CommCare Data and Tableau

This post contains brief notes on the key info when accessing the CommCare survey data in the data warehouse (via Snowflake or published data sources),

Version control

2022 June 29 ML: updated 'Table relations : how to link CommCare tables to each other' : correct linking now also requires using field 'For Project WISE?'.

2022 May 20 ML: 1st draft.

Which Tables to Choose from the DWH Table list?

Names of the Tables with CommCare data always start with F_ (for example, F_1_SITE_INFORMATION).

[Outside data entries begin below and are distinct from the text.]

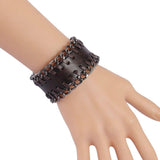 Bracelet de Force Extrémités en Chaîne en Cuir - Mon Bracelet Homme
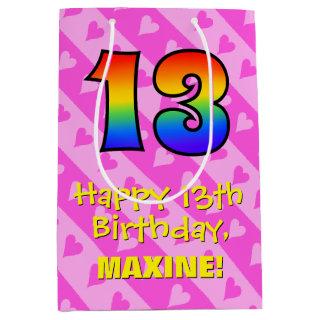 13th Birthday: Fun Pink Hearts Stripes; Rainbow 13 Medium Gift Bag
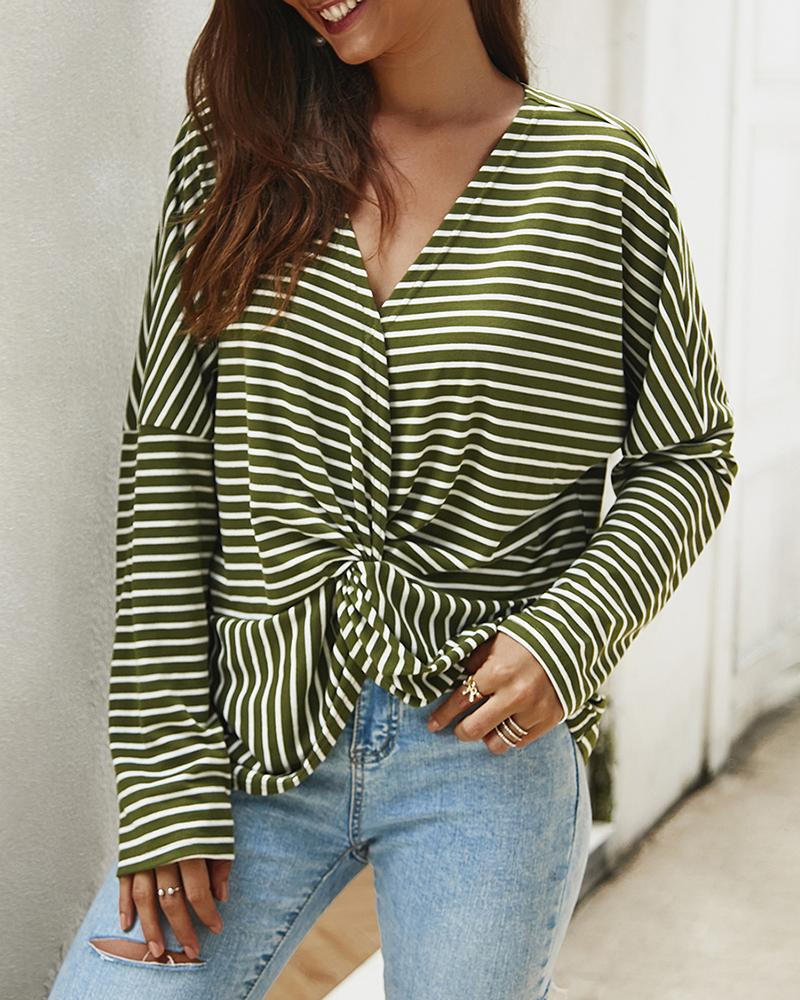 

Long Sleeve V-neck Twist Front Striped Women Top, Army green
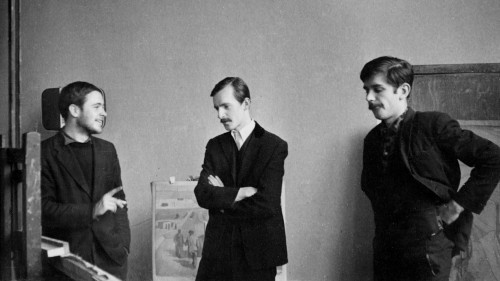 Imants Lancmanis, Jānis Krievs, Bruno Vasiļevskis; foto no I. Lancmaņa personīgā arhīva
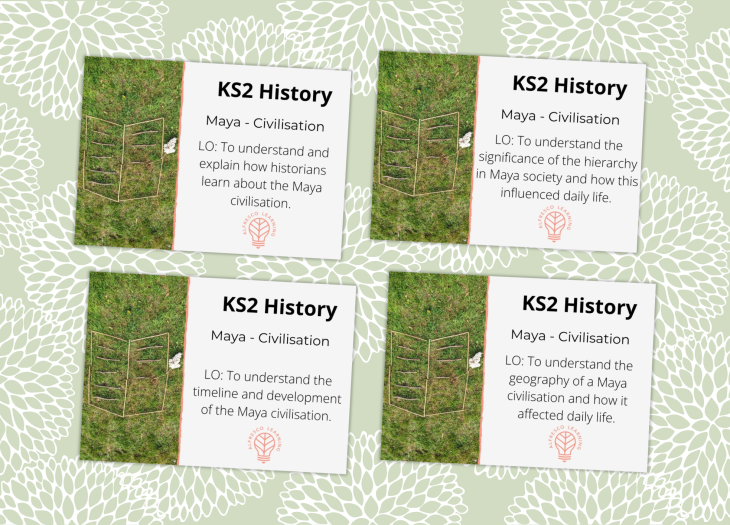Outdoor history lesson cove images for a unit on Maya civilisation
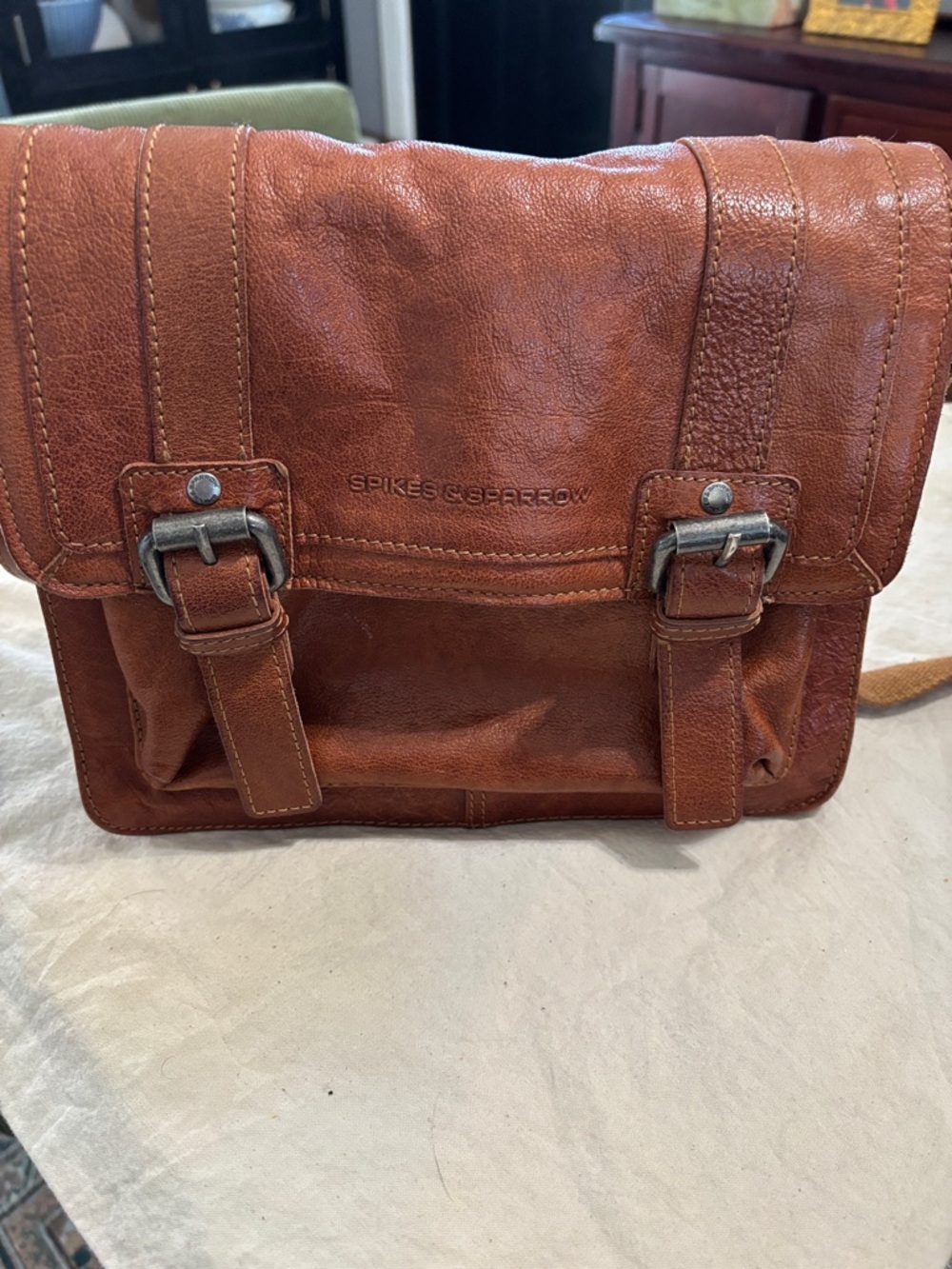 Spikes & Sparrow Tan Leather Messenger Bag for Men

These are main CommCare Tables, please use the tables with these exact names:

  1. F_1_SITE_INFORMATION  
  2. F_2_WATER_AND_HYGIENE
  3. F_3_SANITATION
  4. F_4_STRUCTURED_OBSERVATION
  5. F_SELECT_ALL_Q_STACKED

You will also find F_ tables with extended names (_ALL and _SS) but these should NOT be used for data analysis:

If you need to connect 2 or more CommCare tables, you need to create relationships on the following 4 fields (they are named identically among all F_ tables):

  1. Salesforce Site ID
  2. Survey Type (example: Pre-implementation, Post-Implementation, Routine Monitoring)
  3. Data Source (example: CommCare V1 or CommCare V2)
  4.  For Project Wise? (example: Yes, No, N/A)

If you miss any of the 4 fields above, Tableau will create the relationship and a data source, but this data source will produce incorrect results.

See examples of the published data extracts (with scheduled refresh) in Programs Published Data Sources - Tableau Online

If you need to connect one  CommCare table with one or more Salesforce table, you need to create relationship on the following field:

  • Salesforce Site ID

If your goal is to match the survey data for the Sites you found in the CommCare data set to the Salesforce data (for example, population # or Project WISE deployment status), CommCare Table (F_...) must be a Primary data source (left side of the data canvas) and Salesforce Table (SF_...) is a Secondary data source (right side).

If your goal is to add survey results to the Sites you found in the Salesforce data set (for example, water and electricity sufficiency or child club activities in past 6 months), Salesforce Table (SF_...) must be a Primary data source (left side of the data canvas) and CommCare Table (F_...) is a Secondary data source (right side).

Data Source: what is Commcare V1 and Commcare V2

Commcare V2 (v=version) contains data collected using the CommCare app starting October 2021. At that time a new version of the survey was rolled out, with some questions added, removed or replaced compared to V1.

Commcare V1 contains data collected using the CommCare app from 2019 to ~October 2021. The V1 results you see in the data warehouse have been shaped and cleaned to match the current survey version, V2.

As a result, some sites had data collected from 2019 to date in different version of the survey. If you select only 1 of the 2 versions as a Data Source in Tableau filter, the results will be limited (Pre-survey and Post- survey could happen in 2020 -> V1, but RM could happen in 2022 -> V2).